Description
I believe sub-query filtering and sorting is an incredibly useful feature, and I have been able to figure out a partial solution. Posting here so hopefully people can build off of it. NOTE: This solution takes advantage of the RelationshipLoader
class for resolving sub-queries, so it will only work if the batching
option on the Node's Meta
class is set to True
. The sample code below builds off of the changes discussed in #419, but should be easily adaptable if people haven't implemented those changes.
Issue
Our UI follows a backend for frontend pattern, and on one page we want to display information about an entity, along with recent events related to that entity. Ideally, we could use a query akin to this:
query EntityWithEvents($entity_name: String!) {
entity(filter: {name: {eq: $entity_name}}) {
edges {
node {
value1
value2
events(filter: {timestamp: {gt: "<past day's events>"}}, sort: TIMESTAMP_DESC) {
edges {
node {
eventValue1
eventValue2
}
}
}
}
}
}
}
The problem is that with the current code, the filter
and sort
arguments to events
are essentially ignored. As a result, we have no choice but to query all of events, and filter and sort them manually. This results in extraneous frontend logic, and massively increases load times and response sizes for the page, as we are loading the entire event history for the entity. We can see the following (summarized) statements emitted by sqlalchemy when we run this query:
INFO: sqlalchemy.engine : SELECT entity.* FROM entity WHERE entity.name = $1 ORDER BY entity.id ASC;
INFO: sqlalchemy.engine : SELECT events.* FROM events WHERE events.entity_id = $1 ORDER BY events.id ASC;
Potential Workaround
One possible workaround is to set an order_by
on the relationship definition itself, and then pass the first
argument to events
to limit the response to only the first N results. The statements emitted in this case are:
INFO: sqlalchemy.engine : SELECT entity.* FROM entity WHERE entity.name = $1 ORDER BY entity.id ASC;
INFO: sqlalchemy.engine : SELECT events.* FROM events WHERE events.entity_id = $1 ORDER BY events.timestamp DESC;
However, this approach has the following problems:
- The
first
argument is not a direct analogue of SQL'sOFFSET
- it will still load the full event history into memory in order to generate a cursor, and then truncate the results (NOTE: depending on the database engine, this approach may use a database cursor rather than sending all data to the graphql server. I'm not familiar enough with cursors to verify this). So this is still a fundamentally slow query. - Returning first N results is semantically different from returning all results since a given time. Some days might have 0 events, while others will have 10+. If our goal is to show all events since the day before, then this approach is untenable.

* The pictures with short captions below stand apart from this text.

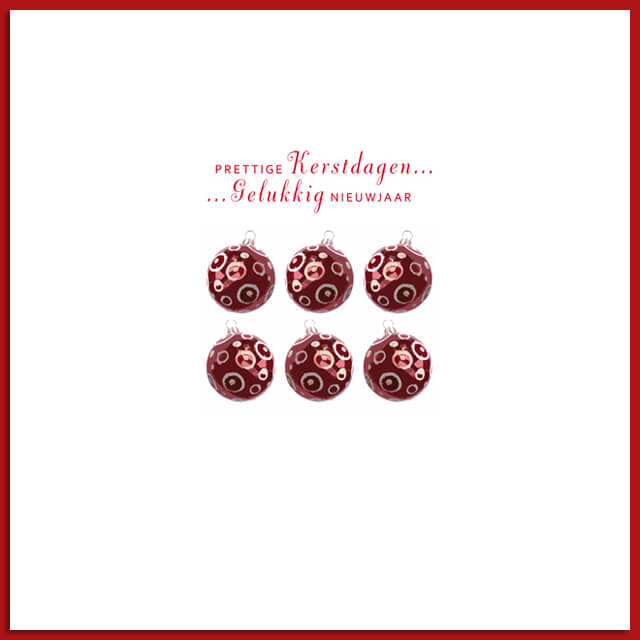 Kerstkaart klassiek kleine rode kerstballen 
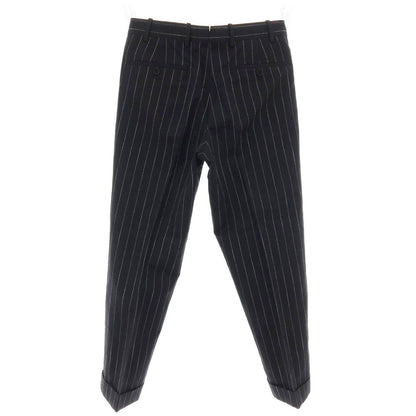 【中古】ベルナール ザンス BERNARD ZINS コットンリネン ストライプ カジュアルスラックスパンツ ブラックxホワイト【 38 】【 状態ランクB 】【 メンズ 】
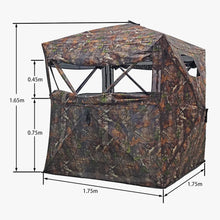 Load image into Gallery viewer, Hunting Blind with chair, 270 degree Shoot Through Mesh with Silent Sliding Window, 2-3 Person Ground Deer Stand Pop Up Tent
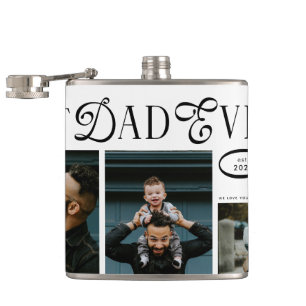 Modern Best Dad Ever Photo Heart Fathers Day Gifts Flask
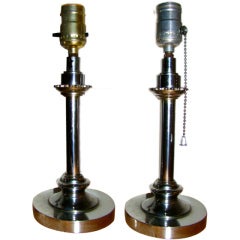 Art Deco Machine Age Sculptural Nickel Table Lamp Pair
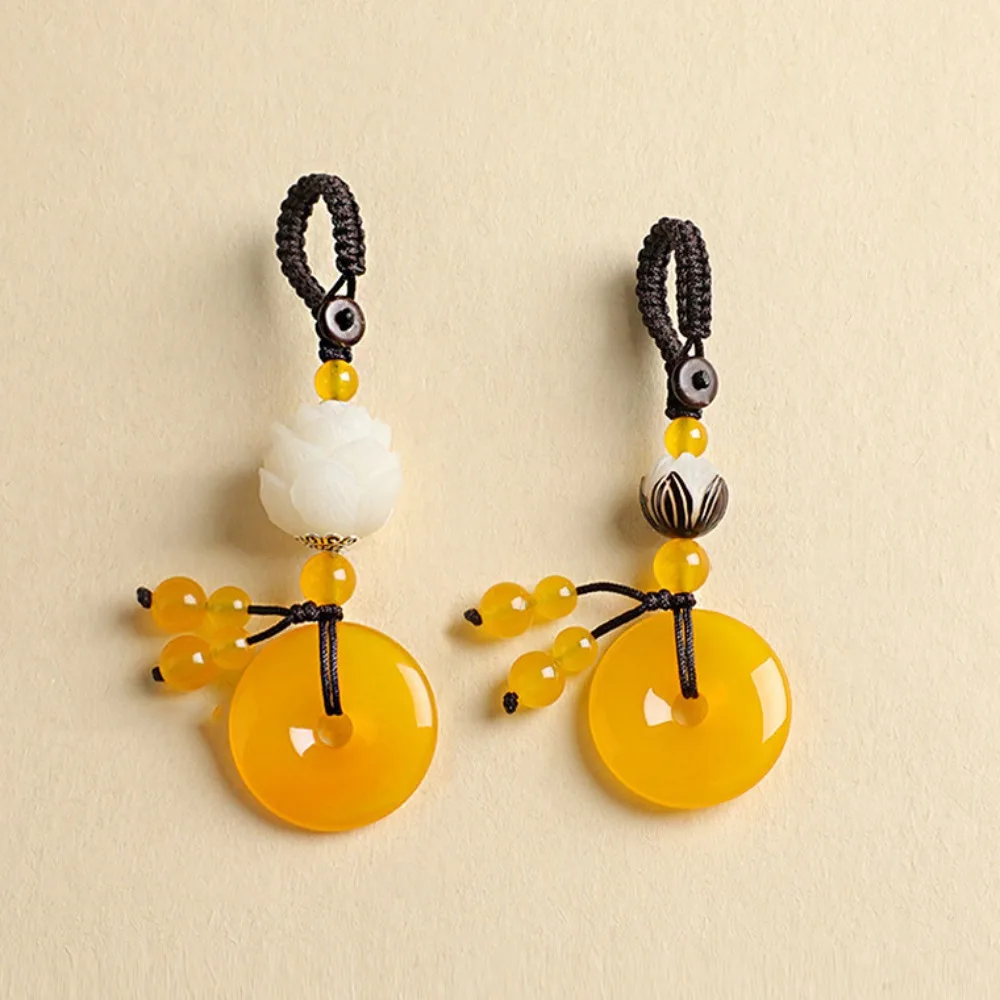 Keychain Pendant For Men Women Bag Accessories Car Key Buckle Natural Antique Jade Round Agates Stone Keyrings Gifts
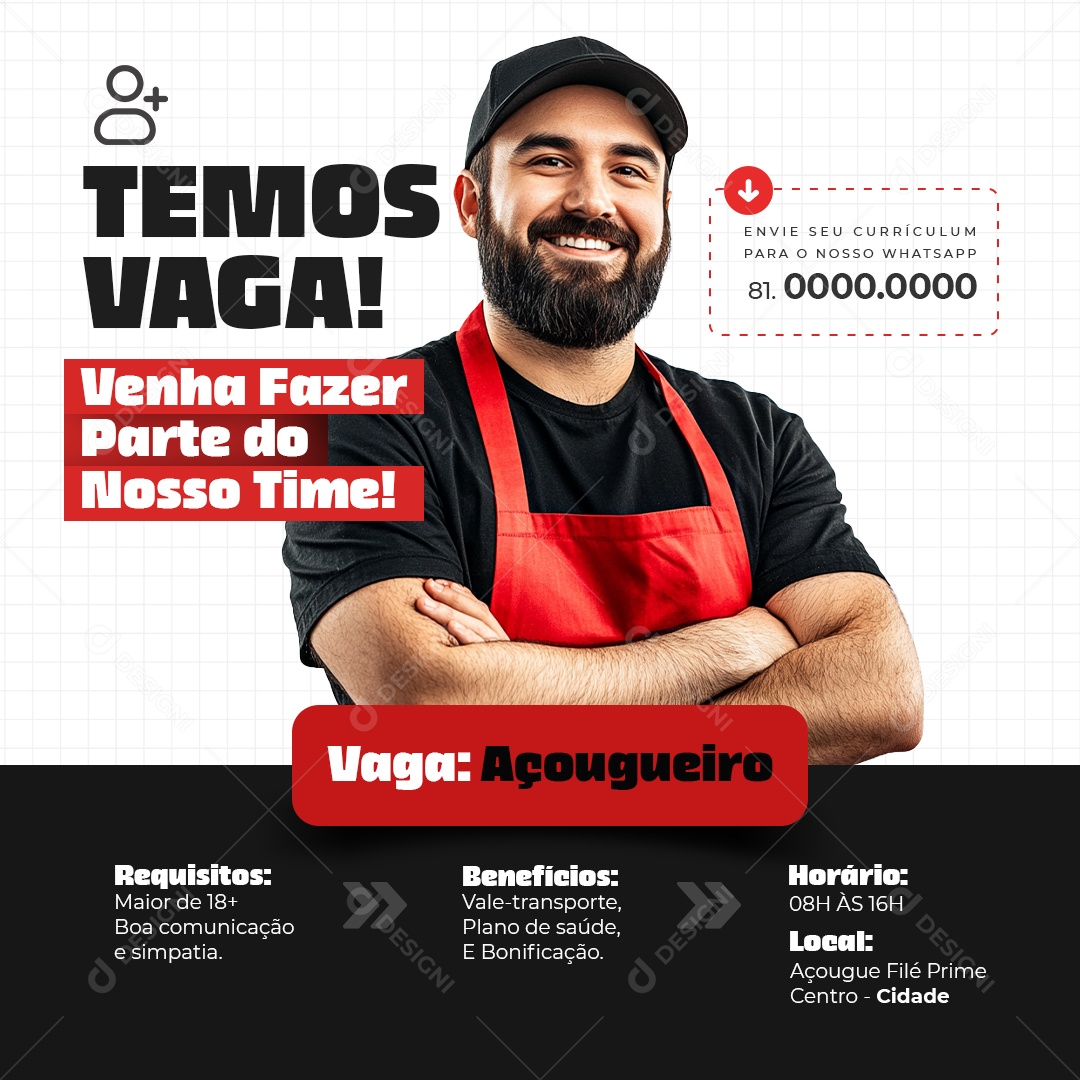 Vagas de Emprego Açougueiro Social Media PSD Editável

- Having to set the sort as part of the relationship definition rather than specifying as part of the query itself is inflexible and relies on developer awareness, rather than explicit ordering.
Solution
To fix the issue, we will implement our own RelationshipLoader
class, modifying it from the original to accept sort/filter args during construction, then patch in a modified get_batch_resolver
definition that uses our new implementation.
Usually, the _load_for_path
internal function called by batch_load_fn
will ignore any filtering or sorting set on the query_context
arg. It does, however, respect filtering requested via the loadopt
parameter, in order to implement with_loader_criteria()
semantics described here. The easiest way to hijack this flow is to construct our own loader (a defaultload
) and steal it's loader options (stored in context[0]
). _load_for_path
does respect the order_by
prop of the relationship that was passed in to initially (and will only resolve that reference at call-time), so we can simply update relationship_prop.order_by
with the requested order right before calling. Note that, while the RelationshipLoader
is constructed on a per-arg basis, the relationship_prop
is still shared by all instances, so we have to set this value right before calling in order to avoid conflicts. In the case where no sort
arg is passed, we store a cache of default sort orders the first time each relationship_prop
is passed in, which is set prior to calling.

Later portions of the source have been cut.